▶ _INFORMATION GIVEN_:
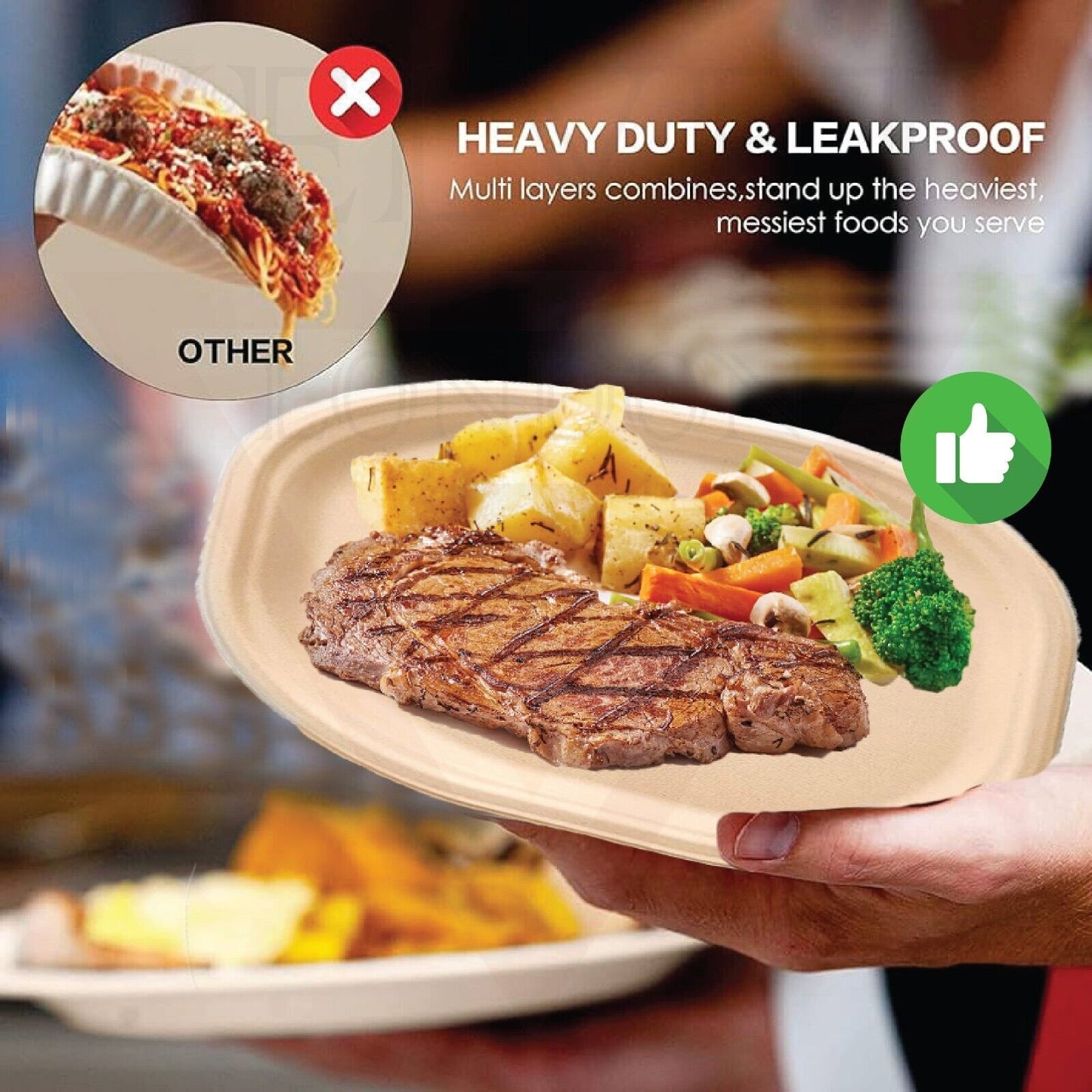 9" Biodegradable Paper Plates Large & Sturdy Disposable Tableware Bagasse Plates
...
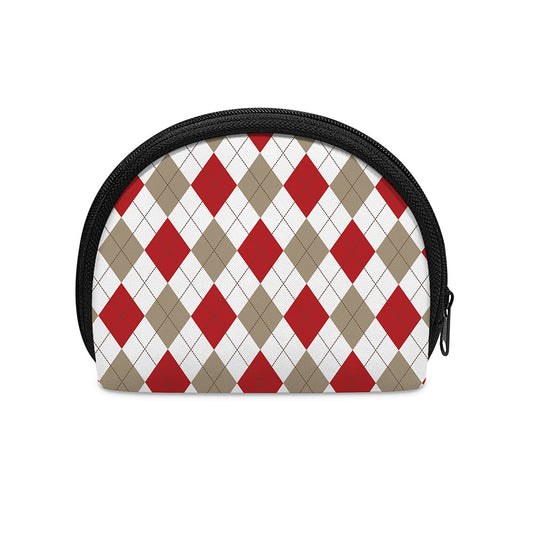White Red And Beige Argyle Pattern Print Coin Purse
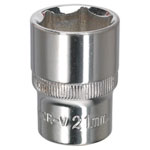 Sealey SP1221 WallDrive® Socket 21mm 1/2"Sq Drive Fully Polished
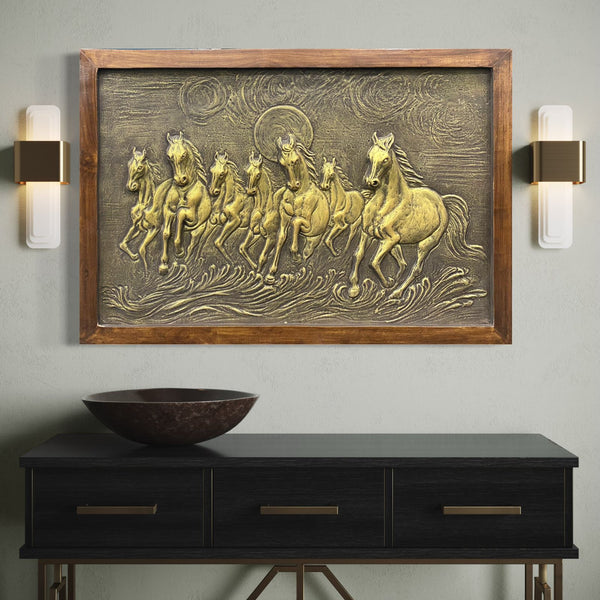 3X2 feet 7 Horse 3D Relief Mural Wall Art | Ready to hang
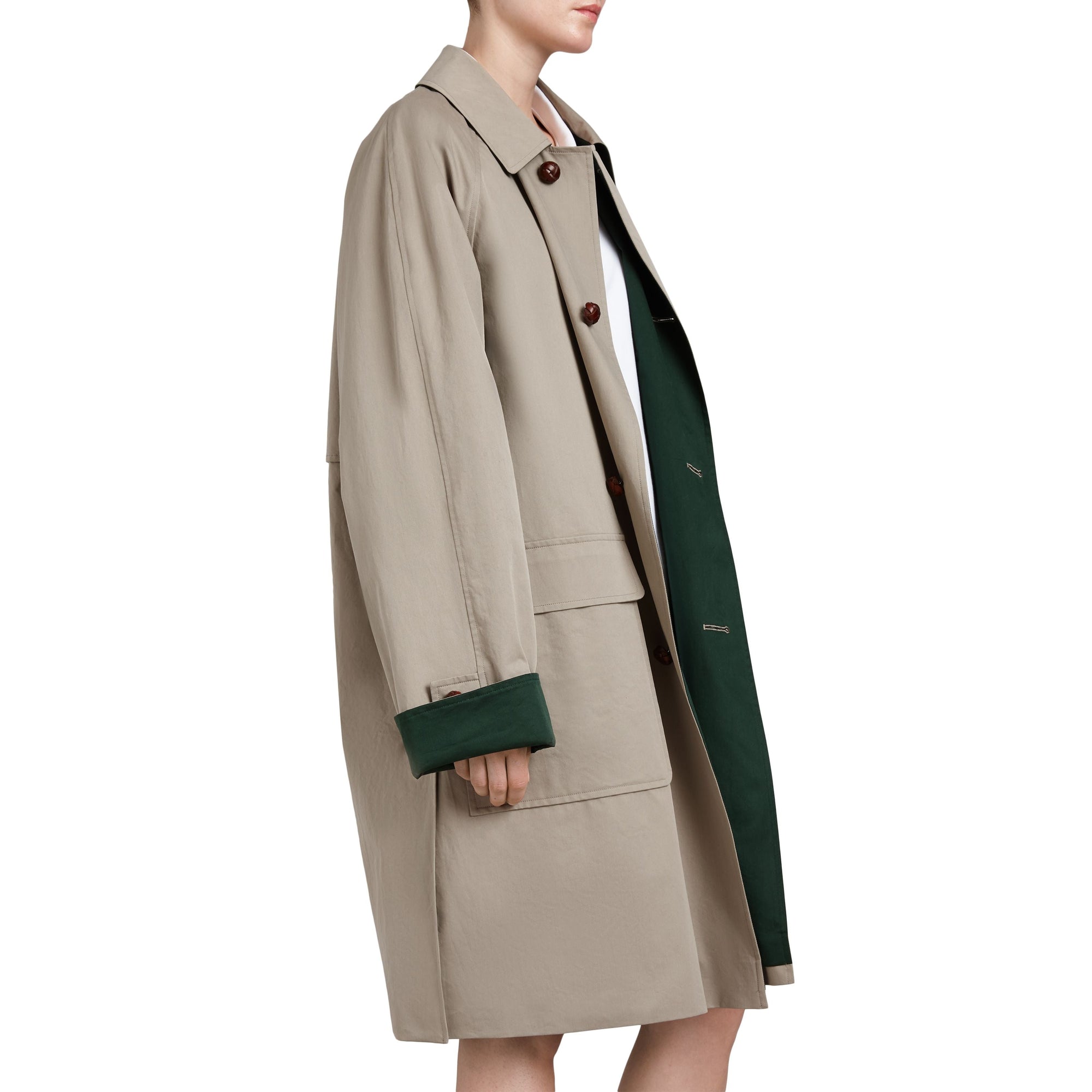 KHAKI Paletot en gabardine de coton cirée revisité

▶ _TASK BRIEF_: Copy exactly the material above from the line with "White Red And" to the line with "KHAKI Paletot en", ends included, and nothing else. Leave out any picture.

▶ _OUTPUT_:
White Red And Beige Argyle Pattern Print Coin Purse
 Sealey SP1221 WallDrive® Socket 21mm 1/2"Sq Drive Fully Polished
 3X2 feet 7 Horse 3D Relief Mural Wall Art | Ready to hang
 KHAKI Paletot en gabardine de coton cirée revisité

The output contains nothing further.